For computer geeks interested in how it’s all put together, the interface Crossdogs.com members use to create their online press material is a combination of HTML and Flash 8. The loading script used to transfer information into EDT™, and then stream any audio or video is XML. And the database is ColdFusion sequel. All audio and video is converted via XML in order to stream through Flash.

Crossdogs.com continuously and actively seeks new venues and opportunities for musicians. According to LeMaster, the venues, promoters, festivals, and contests Crossdogs.com partners with have signed on solely because they need talented musicians for their popular venues. It is a free service for the venues to list with Crossdogs.com.

“All our venues are pre-screened for our artists,” said LeMaster. ”It’s crucial to know how many events the venue typically has each year, as well as their current remuneration schedule.”

Crossdogs.com has easy to understand submission fees for artists. The rates are determined by how much a venue pays. If, for example, remuneration is between $100 and $249, the submission fee paid by the artist through the Crossdogs.com website is $4. That fee is then split 50/50 between Cossdogs.com and the venue. A gig that pays between $900 and $1199 generates a fee of $20 paid by the artist. Submission fees for venues paying over $1199 are determined on a case-by-case basis.

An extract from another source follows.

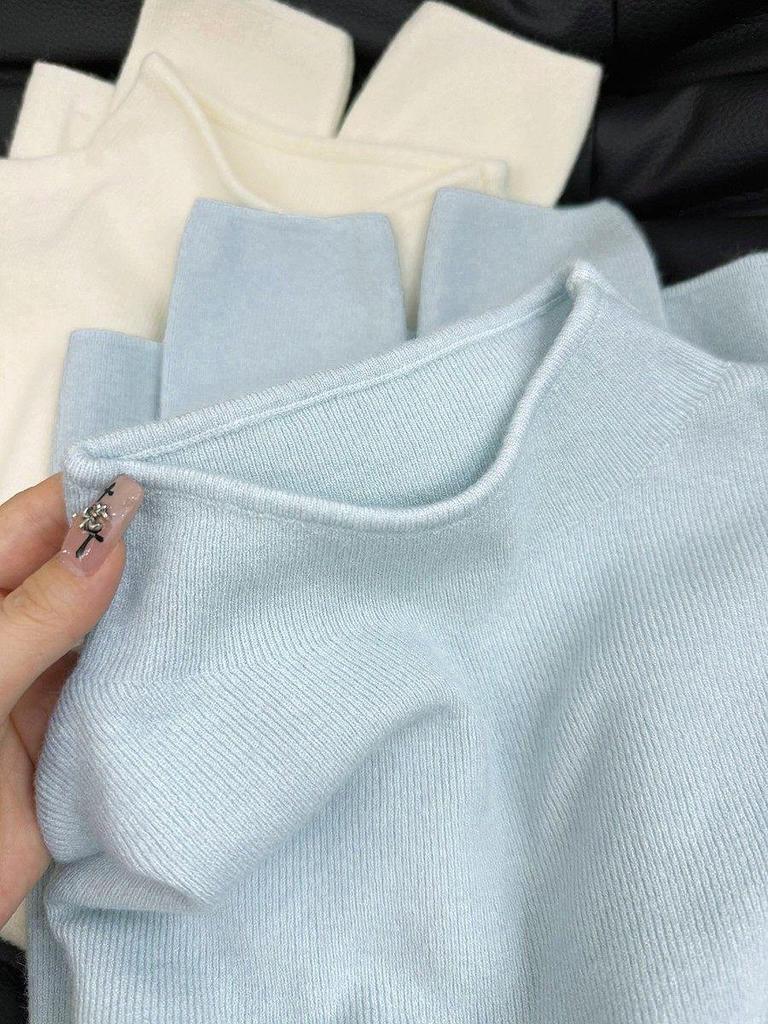 Retro Dark Green Miu-Style Stand Collar Knit Sweater for Women - Cozy and Warm Autumn/Winter Top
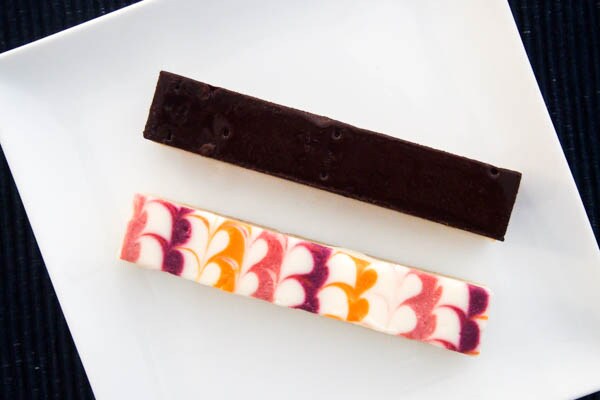 【片手でラクチン♪】ファミマのスティックケーキが超濃厚!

“It’s easy for a musician to keep track, and the higher the opportunity, the higher the pay,” explained LeMaster. “The system is also a screen for the venues. Higher paying gigs don’t have to beat the bushes to attract good artists. And most musicians who are willing to pay $20 are extremely talented.”

Although Crossdogs.com is a secular-friendly service, the fact that their particular niche is catering to a Christian market makes the focus win-win for both the venue and the indie artist. And with Christian music sales topping 43.5 million units last year, there is clearly an unprecedented interest in music from the spiritual genre.

“But the artists represented by those figures are not the ones who need us,” said LeMaster. “The folks who need our services are bands that are just on the edge of really making it. Or the guy who sings twice a year at his local church and is hoping to expand his horizons. We’re here for the independent artists who are just as good as all those big label guys. We’re here for people who are really trying, and working very hard, but getting doors slammed in their face.”

Crossdogs.com provides a unique service for producing online press kits complete with slick audio-visual presentations of a band’s music. The kits are both affordable to produce, and easy and cost-effective to deliver to the inboxes and computer screens of relevant promoters and concert venues where there is a serious interest in hiring bands.

“We are a full service virtual agent,” said LeMaster. “Our competitor has nearly 30,000 members, but only 10 percent of them consistently use the submission system, and mostly they just want to produce a press kit. We want to be more involved, and as much as we are able we lend support to both the artist and the venue folks, so we have created a superior product, using an interface that really helps an artist to stand out. If you could buy a Porsche for the same price as the Cavalier you’re driving, which would you buy?”